*Exercise details*: An exact copy of all the data is required, with pictures left out.

*Dataset content*:
##########

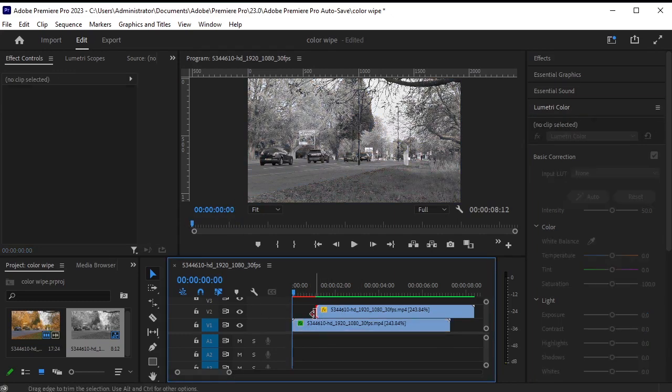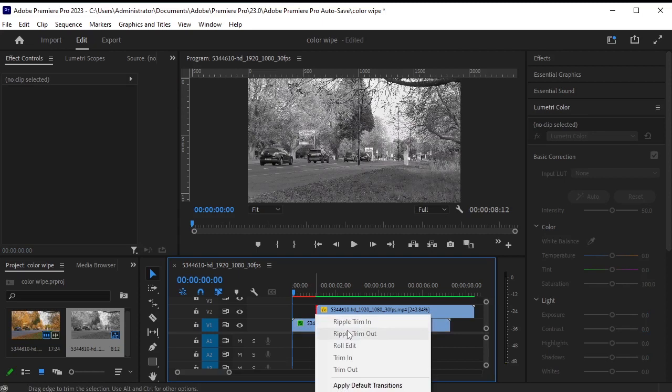Right click where the duplicated video starts, then select apply default transition to add a cross dissolve transition.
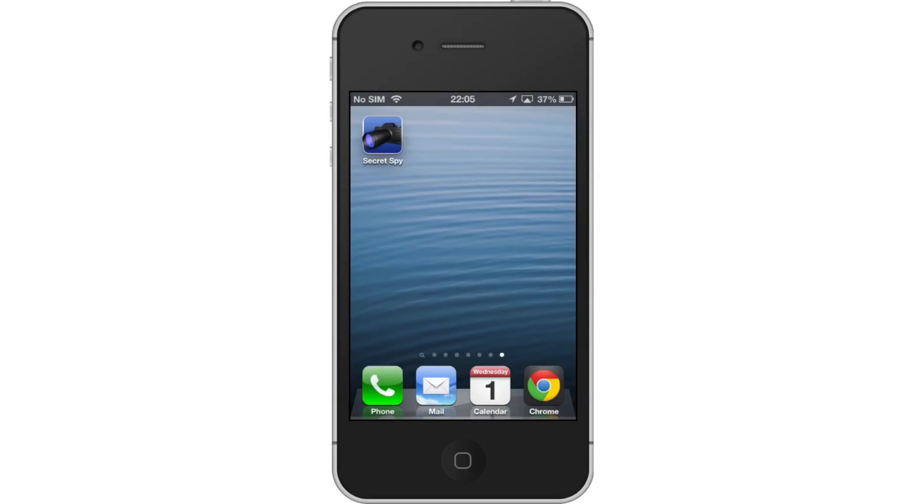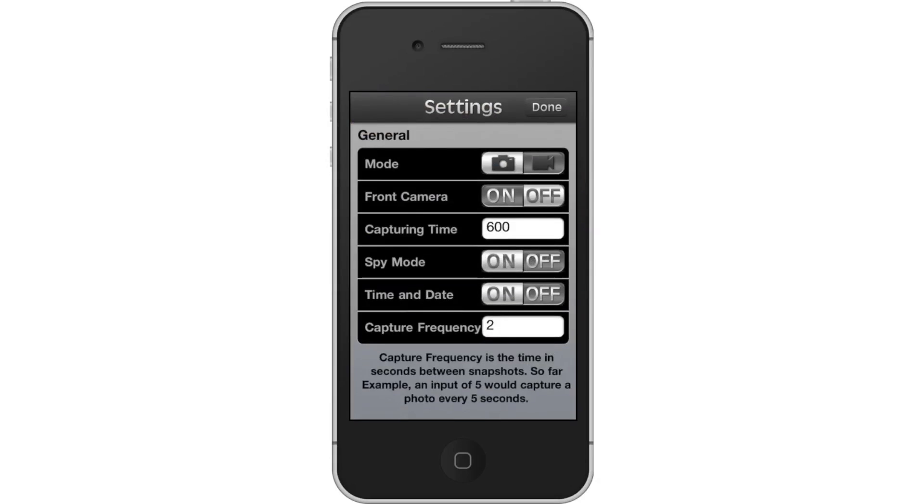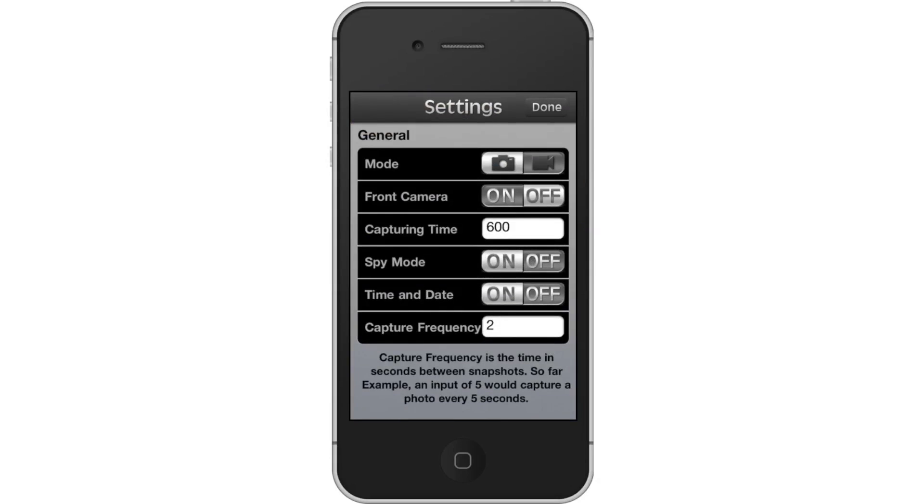First, tap the Secrets Spy app icon. Then tap the Settings icon. From here, you have the option to change the settings.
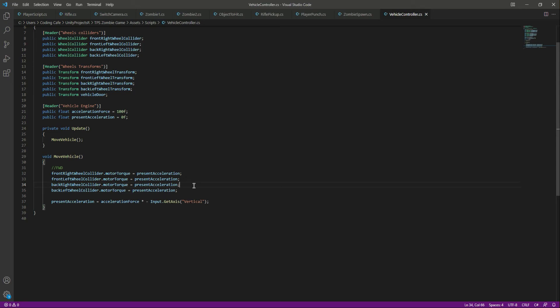So we have added the four-wheel drive vehicle. In the next video we will add more functions to our vehicle.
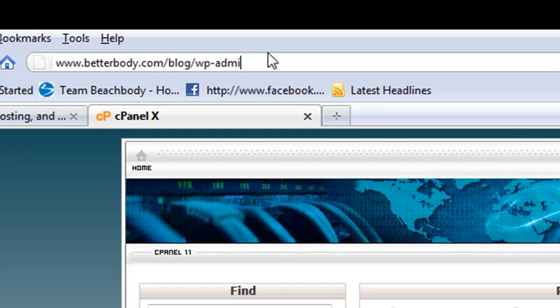But if you left that blank, then it would just be this. My domain is the one I installed to, but it would be www.yourdomain.com backslash WP-admin.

##########

*Solved exercise*:
Right click where the duplicated video starts, then select apply default transition to add a cross dissolve transition.
First, tap the Secrets Spy app icon. Then tap the Settings icon. From here, you have the option to change the settings.
So we have added the four-wheel drive vehicle. In the next video we will add more functions to our vehicle.
But if you left that blank, then it would just be this. My domain is the one I installed to, but it would be www.yourdomain.com backslash WP-admin.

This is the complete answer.